··· TASK INPUTS

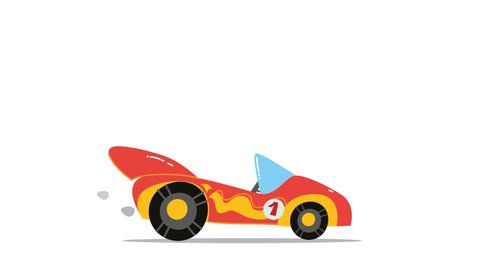 Red empty racing car rides on a white background. 4k quality blank cartoon transport animation. Alpha channel. The wheels are spinning. 2d color animation for kids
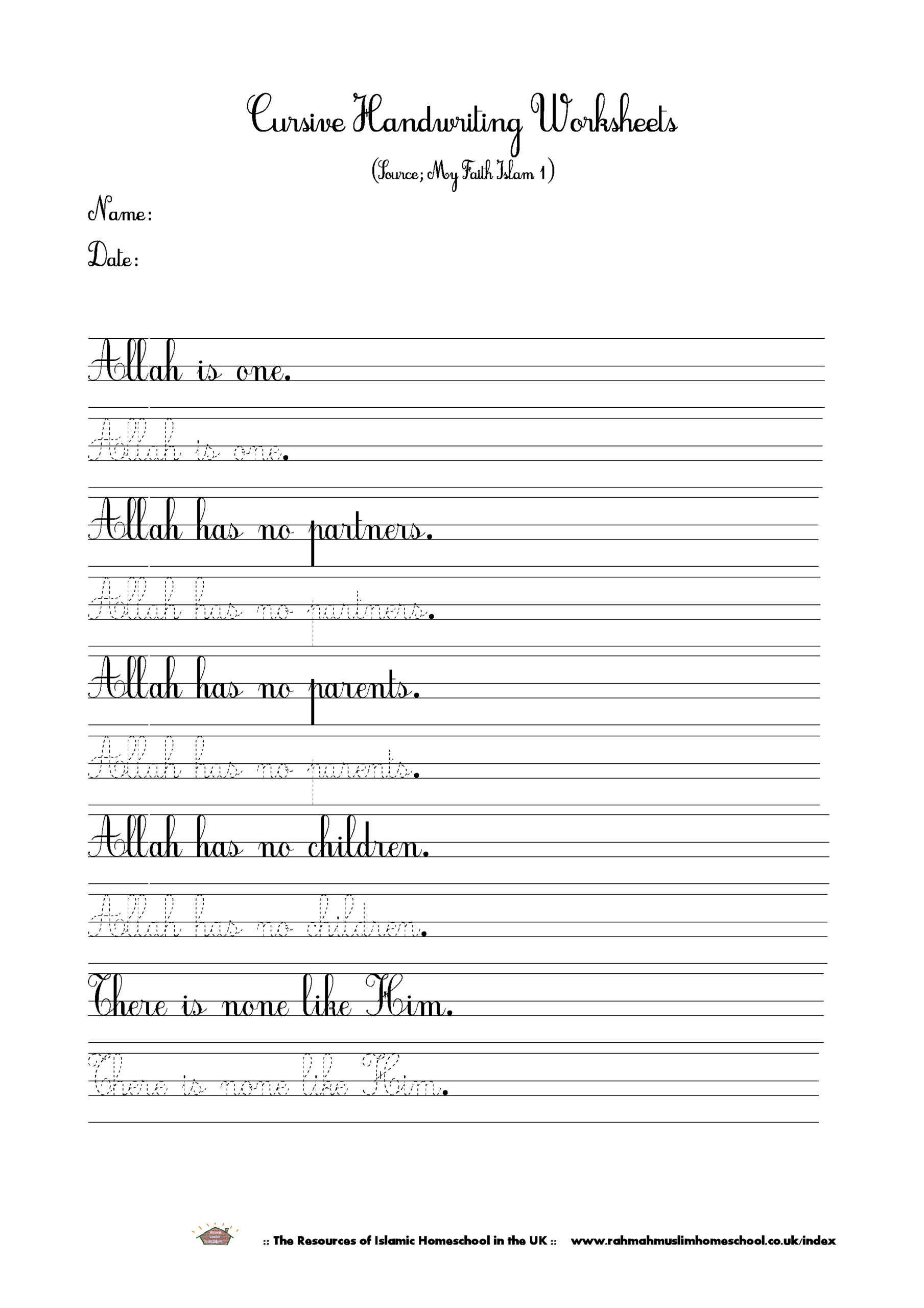 Islamic Cursive Handwriting Worksheet About Tawheed Tauhid The 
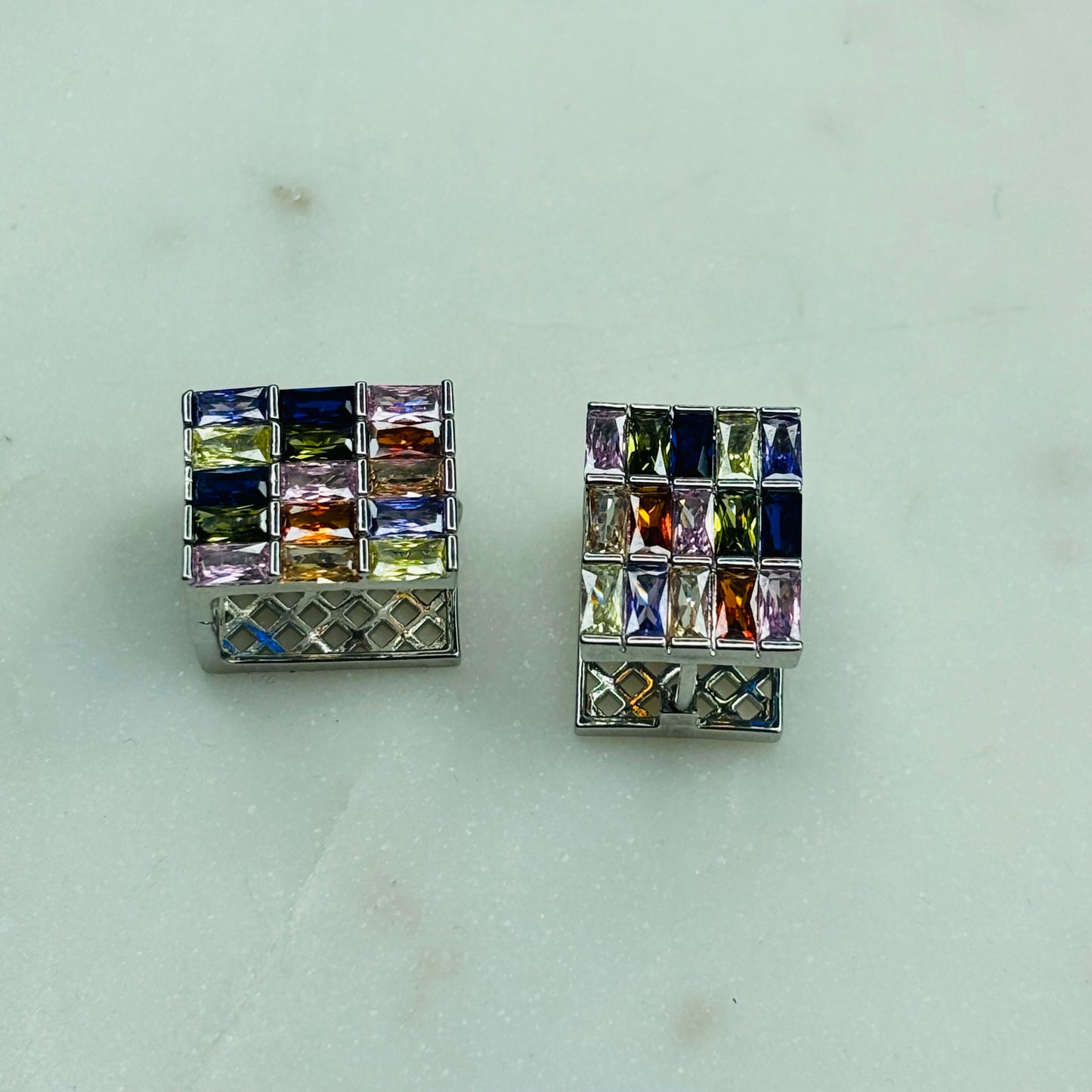 Silver-Toned Multi-Gemstone Studs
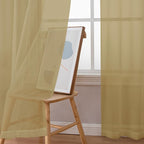 Gold Sheer Curtains 84 Inch Length 2 Panels Set, Light Filtering Voile Fimly - Image 3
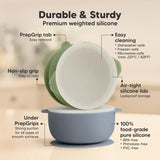 Silicone containers with features highlighted on a beige background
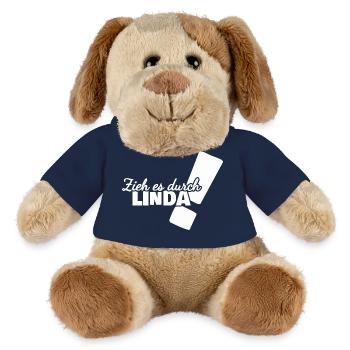 Prénom Linda - Chien en peluche Helge MiniFeet® - bleu marine - Devant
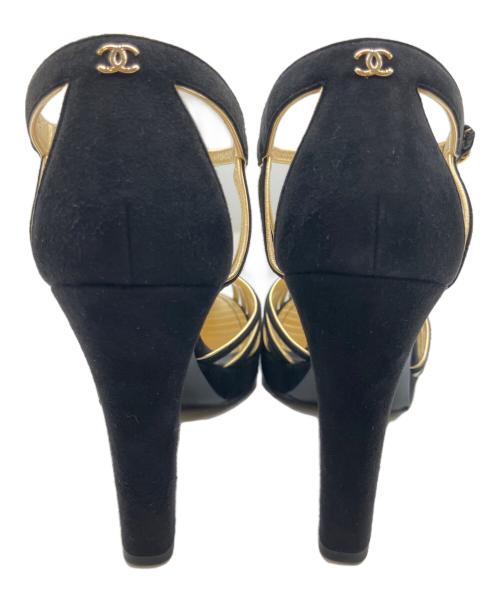CHANEL（シャネル）CHANEL (シャネル) ココマーク T ストラップ スエード サンダル ブラック サイズ:38の古着・服飾アイテム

······

= WHAT YOU HAVE TO DO =
Would you reproduce the lines from the one with "Gold Sheer Curtains" through the final line of the data above, exactly and only those, without any pictures?

= RESULT =
 Gold Sheer Curtains 84 Inch Length 2 Panels Set, Light Filtering Voile Fimly - Image 3
 Silicone containers with features highlighted on a beige background
 Prénom Linda - Chien en peluche Helge MiniFeet® - bleu marine - Devant
CHANEL（シャネル）CHANEL (シャネル) ココマーク T ストラップ スエード サンダル ブラック サイズ:38の古着・服飾アイテム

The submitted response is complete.